L’air iodé fuit sur les routes depuis les marais alentours. Un air sain et frais, un air de la mer qui fouette les visages : les prémices de la côte. Les eaux paraissent dormir entre les herbes sauvages et les bords craquelés des œillets. Les voies désertes offrent aux rares paludiers présents un silence bienheureux.
Quelques toits jaunis, au loin, assurent d’une présence humaine dans les environs. Et quand les marais disparaissent, la forêt prend le relais, comme inaccessible dans le paysage, mur vert qui interdit tout horizon. L’eau s’agite soudain, frémit sous l’action du vent, lâchant quelques particules iodées que les narines accueillent comme une promesse future.
La mer approche. Les oiseaux la chantent, là haut. Quelques kilomètres encore de marais, et Guérande surgira. En arrivant par les faubourgs, le suspense monte. Les murailles sont cachées, les montagnes de sel demeurent introuvables. Mais enfin les remparts se dressent, tous créneaux dehors, précédés d’un fossé sombre. La porte, encadrée par deux tours rondes aux diamètres menaçants, pourrait encore subir le choc d’une troupe.
Au centre de la modeste cité, la collégiale Saint-Aubin élève ses pinacles gothiques et son clocher acéré. L’entrée dans le sanctuaire se fait par le portail sud. La pierre grise offre un écrin bien sombre aux vitraux de lumière. Celle-ci jaillit par tous les personnages vitrifiés. Les scènes bibliques s’illuminent mais peinent à éclairer l’entièreté de la maison divine.
Aux pieds de l’église s’échinent des paludiers immobiles, perchés sur des échasses ferreuses. Par leurs las et leurs lousses, tous indiquent ces maisons anciennes qui composent la vieille cité médiévale. L’une d’elles, à pans de bois bleu, veille sur la chapelle Notre-Dame-la-Blanche tandis que, de l’autre côté des pavés usés, une devanture d’améthyste réveille la rue de sa torpeur hivernale.
Enserrée dans ses fortes clôtures ouvragées, Guérande a la chance de ne pas être tout à fait envahie par les commerces intempestifs.
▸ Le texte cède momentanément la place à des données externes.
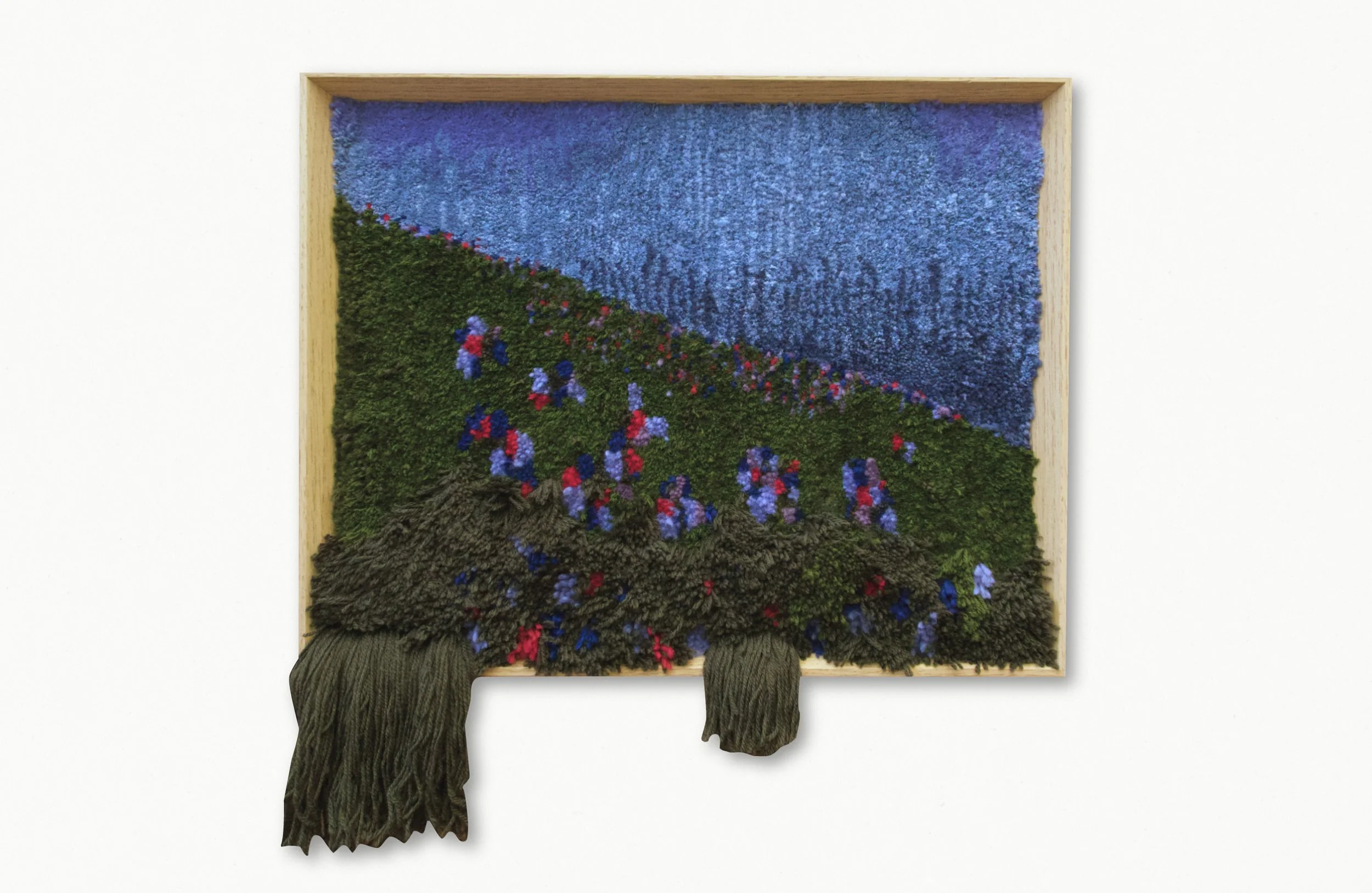 Mixed media art piece resembling a framed landscape with textured materials depicting sky, grass, and trees.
Au gré des rues et des venelles se suivent les hautes maisons et les folles végétations. Et les murailles quittées à l’entrée de la cité reparaissent à la fin de la promenade, telle une épanadiplose itinérante.
La cité du sel n’en a pas les murs blancs pour autant. Au milieu des marais, l’ancienne cité médiévale élève sa belle stature sur les parcelles aquatiques qui portent en elles cet or clair. Guérande et ses hauts murs calque son rythme de vie sur celui de son précieux sel. Si les saisons chaudes battent leur plein, les froides, elles, patientent sagement ; comme le sel qui remonte lentement à la surface des marais, la foule saura bientôt revenir. Profiter des moments de quiétude, c’est alors assister à l’énième gestation de tout un pays.